Toksoplazmozis Toxoplasma gondii’nin neden olduğu dünya çapında halk ve hayvan sağlığı açısından yüksek öneme sahip bir hastalıktır
1. T. gondii ilk olarak 1908 yılında Afrika’da Cytenodactilus gondii adı verilen yabani bir kemiriciden izole edilerek tanımlanmıştır
2. Hücre içi apicomplexan protozoon olan T. gondii’nin insanlar, çiftlik hayvanları, evcil hayvanlar ve vahşi yaşamda olağanüstü geniş bir konakçı aralığına sahip olması ve hemen hemen her hücre tipini enfekte edebilmesi onu dünyada en fazla tanınan protozoan parazitlerden biri haline getirmiştir
3. Toksoplazmozisin yaşam döngüsünde kedigiller temel rol oynamaktadır.

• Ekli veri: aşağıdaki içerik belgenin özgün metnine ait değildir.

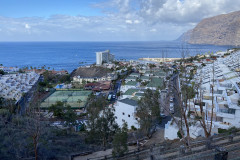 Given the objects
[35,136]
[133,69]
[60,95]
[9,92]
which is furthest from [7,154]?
[133,69]

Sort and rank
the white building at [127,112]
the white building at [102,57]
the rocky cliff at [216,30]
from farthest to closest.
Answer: the rocky cliff at [216,30]
the white building at [102,57]
the white building at [127,112]

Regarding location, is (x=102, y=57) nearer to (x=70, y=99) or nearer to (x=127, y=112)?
(x=70, y=99)

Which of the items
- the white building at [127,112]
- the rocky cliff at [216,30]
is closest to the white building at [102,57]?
the white building at [127,112]

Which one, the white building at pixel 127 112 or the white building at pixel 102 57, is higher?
the white building at pixel 102 57

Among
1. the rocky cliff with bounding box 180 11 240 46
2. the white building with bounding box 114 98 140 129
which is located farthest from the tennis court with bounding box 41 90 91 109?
the rocky cliff with bounding box 180 11 240 46

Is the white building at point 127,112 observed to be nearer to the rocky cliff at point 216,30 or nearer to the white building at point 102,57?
the white building at point 102,57

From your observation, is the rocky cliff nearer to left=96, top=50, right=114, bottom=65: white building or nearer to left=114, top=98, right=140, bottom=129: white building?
left=96, top=50, right=114, bottom=65: white building

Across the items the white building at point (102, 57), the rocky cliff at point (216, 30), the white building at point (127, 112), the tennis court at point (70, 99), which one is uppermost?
the rocky cliff at point (216, 30)

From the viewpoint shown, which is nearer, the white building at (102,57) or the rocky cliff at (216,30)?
the white building at (102,57)

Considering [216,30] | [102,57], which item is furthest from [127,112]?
[216,30] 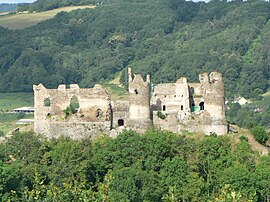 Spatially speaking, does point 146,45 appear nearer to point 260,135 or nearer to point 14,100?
point 14,100

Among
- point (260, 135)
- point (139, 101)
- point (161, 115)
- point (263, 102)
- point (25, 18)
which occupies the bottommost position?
point (263, 102)

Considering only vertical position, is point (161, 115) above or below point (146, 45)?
below

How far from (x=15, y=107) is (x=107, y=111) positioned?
53.7 m

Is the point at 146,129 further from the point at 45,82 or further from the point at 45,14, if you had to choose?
the point at 45,14

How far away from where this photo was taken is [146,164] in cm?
5416

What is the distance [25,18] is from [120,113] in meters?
134

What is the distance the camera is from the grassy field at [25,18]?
179837 mm

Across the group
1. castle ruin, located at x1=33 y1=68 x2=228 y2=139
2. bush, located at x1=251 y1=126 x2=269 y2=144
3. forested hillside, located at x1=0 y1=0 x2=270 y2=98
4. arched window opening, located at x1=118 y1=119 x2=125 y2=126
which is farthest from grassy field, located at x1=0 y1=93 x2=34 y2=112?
bush, located at x1=251 y1=126 x2=269 y2=144

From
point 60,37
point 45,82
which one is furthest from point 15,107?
point 60,37

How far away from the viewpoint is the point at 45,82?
135 metres

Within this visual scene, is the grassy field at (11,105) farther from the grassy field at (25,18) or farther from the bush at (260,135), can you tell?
the grassy field at (25,18)

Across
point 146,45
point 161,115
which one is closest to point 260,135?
point 161,115

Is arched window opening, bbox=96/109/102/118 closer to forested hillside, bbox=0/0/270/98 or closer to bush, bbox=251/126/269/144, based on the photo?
bush, bbox=251/126/269/144

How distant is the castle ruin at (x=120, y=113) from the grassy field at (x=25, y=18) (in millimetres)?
122706
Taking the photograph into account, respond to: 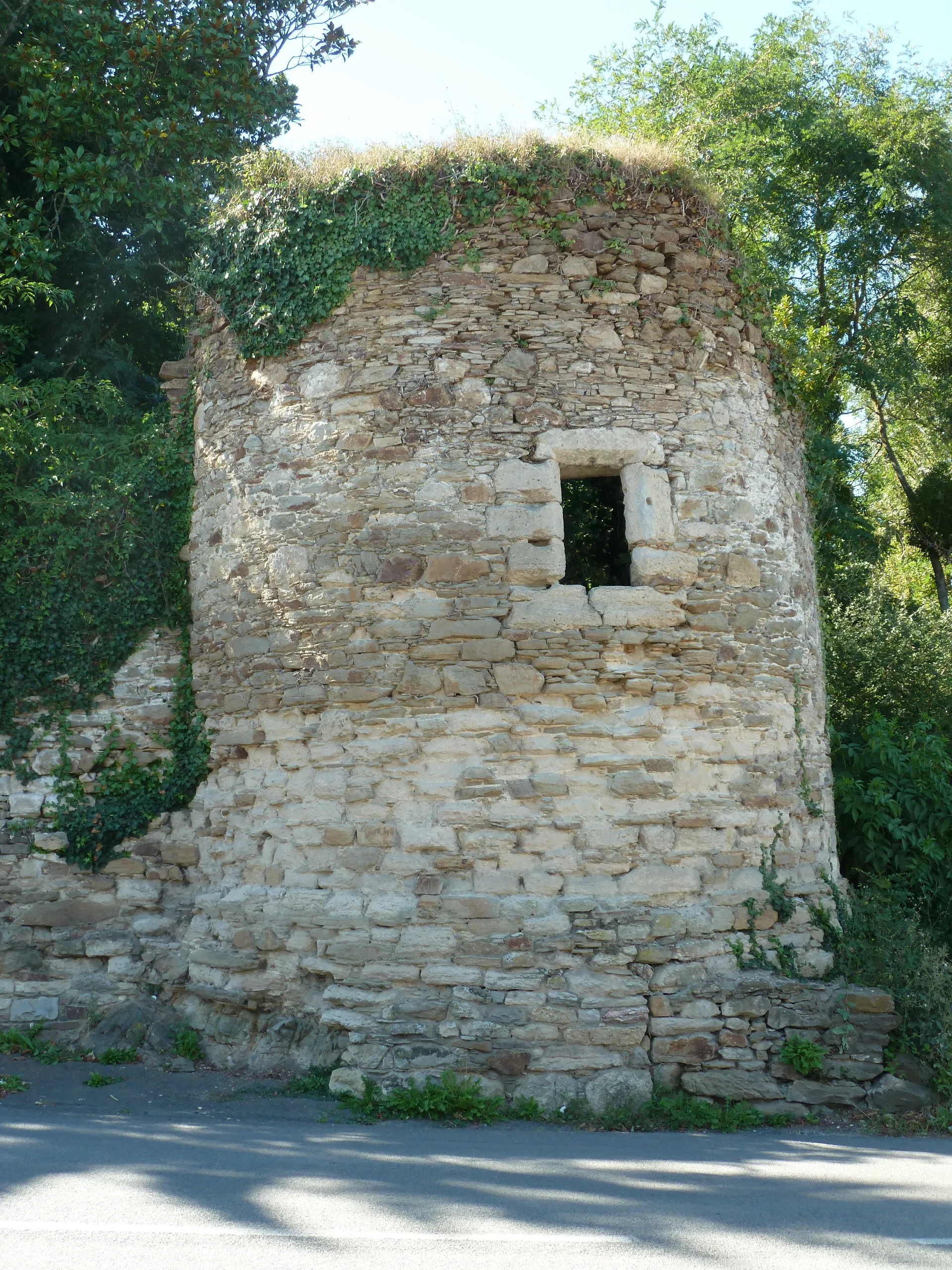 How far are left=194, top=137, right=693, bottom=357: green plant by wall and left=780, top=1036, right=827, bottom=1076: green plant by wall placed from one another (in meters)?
5.13

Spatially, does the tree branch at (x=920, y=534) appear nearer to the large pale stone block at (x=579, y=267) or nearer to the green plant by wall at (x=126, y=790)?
the large pale stone block at (x=579, y=267)

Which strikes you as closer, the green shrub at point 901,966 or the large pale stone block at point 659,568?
the green shrub at point 901,966

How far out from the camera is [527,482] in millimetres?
6590

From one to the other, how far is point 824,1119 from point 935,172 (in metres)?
12.4

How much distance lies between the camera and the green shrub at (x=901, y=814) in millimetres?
8289

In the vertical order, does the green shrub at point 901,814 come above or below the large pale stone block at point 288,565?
below

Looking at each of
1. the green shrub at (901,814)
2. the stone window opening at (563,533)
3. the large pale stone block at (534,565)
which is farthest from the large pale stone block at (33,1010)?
the green shrub at (901,814)

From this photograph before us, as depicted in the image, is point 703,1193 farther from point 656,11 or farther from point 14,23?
point 656,11

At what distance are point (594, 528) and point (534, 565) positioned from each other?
7.83 feet

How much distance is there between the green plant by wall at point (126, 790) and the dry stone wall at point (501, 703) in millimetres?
243

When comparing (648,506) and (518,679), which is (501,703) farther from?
(648,506)

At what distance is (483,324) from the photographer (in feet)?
22.4

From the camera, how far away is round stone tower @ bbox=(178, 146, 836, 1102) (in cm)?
617

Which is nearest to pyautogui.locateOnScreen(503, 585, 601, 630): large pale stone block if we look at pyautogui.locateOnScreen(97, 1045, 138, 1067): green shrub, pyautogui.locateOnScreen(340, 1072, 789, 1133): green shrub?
pyautogui.locateOnScreen(340, 1072, 789, 1133): green shrub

Yalnızca kedigillerin dışkısı ile dış ortama atılan ookistler dış ortamda sporlanarak nemli topraklarda bir yıldan fazla canlı kalabilmektedir
2, 4, 5. Ara konak koyun ve keçiler doğada sporlanan ookistleri bulaşık yem ve sularla aldıktan sonra bağırsakta sporozoitler serbest kalmaktadır. Bağırsakta serbest kalan sporozoitler epitel hücrelerine girerek ara konakçıda akut enfeksiyon oluşturan takizoitlere dönüşürler. Aktif hücre invazyonu ile kana ve lenfatik sisteme yayılan takizoitler tüm nükleuslu hücrelerde hızlı bir çoğalma göstererek hücreyi parçalar ve yeni hücreleri enfekte ederek çoğalmayı devam ettirirler. Ayrıca takizoitler anneden transplesantal yolla fetüse geçerek enfekte yavru doğumları ya da abort olayları gerçekleşebilir
4,6.
Sıcakkanlı hayvanların çoğu ve insanlarda yaygın olarak görülen toksoplazmozis, immunkompetan hayvanlarda genellikle asemptomatik olarak görülmektedir. Hastalığın patojenitesi konakçı türünün doğuştan duyarlılığı, konağın yaşı, suşun virulansı ve konakçı tarafından alınan parazit formu gibi birçok faktöre bağlı olarak değişir. Asemptomatik akut toksoplazmozisin koyun ve keçilerde konjenital enfeksiyonlarda önemli rol oynadığı bildirilmiştir 4, 7. Toksoplazmozis ara konak hayvanlarda subklinik seyretse de meydana gelebilecek akut enfeksiyonlarda vücut sıcaklığında artış, iştahsızlık, anemi, durgunluk, solunum güçlüğü, bazen ishal, lenf yumrularında şişkinlik ve ağrı gibi karakteristik olmayan genel bozukluklar ortaya çıkabilir 6, 7. Akut enfeksiyon immünosupresif hastalarda ve gebelerde önem arz etmektedir. Koyun ve keçilerde primer enfeksiyonlarda abort, embriyonik ölüm ve rezorpsiyon, fetal ölüm ve mumifikasyon, ölü doğum ve neonatal ölümler gibi ciddi kayıplar görülmektedir. Öte yandan hastalığın keçilerde, koyunlardan daha şiddetli bir seyir gösterdiği bildirilmiştir 4. Konjenital bulaşma gebelik döneminde geçirilen akut toksoplazmozis olgularının yaklaşık %50 sinde görülmektedir. Ayrıca gebeliğin ilk 1/3 lük döneminde fetüste çok daha ciddi sonuçlara da yol açmaktadır 7. Toksoplazmoziste klinik belirtiler nonspesifik olup hastalığın subklinik seyretmesi klinik teşhisini zorlaştırmaktadır. Hastalığın teşhisinde T. gondii’nin gelişim şekillerinin mikroskopta görülmesi, spesifik antikorların serolojik ve alerjik metotlarla tespiti veya parazit DNA’sının saptanmasına dayandırılan PCR gibi moleküler metotların kullanılmasıyla sağlanmaktadır 2,4.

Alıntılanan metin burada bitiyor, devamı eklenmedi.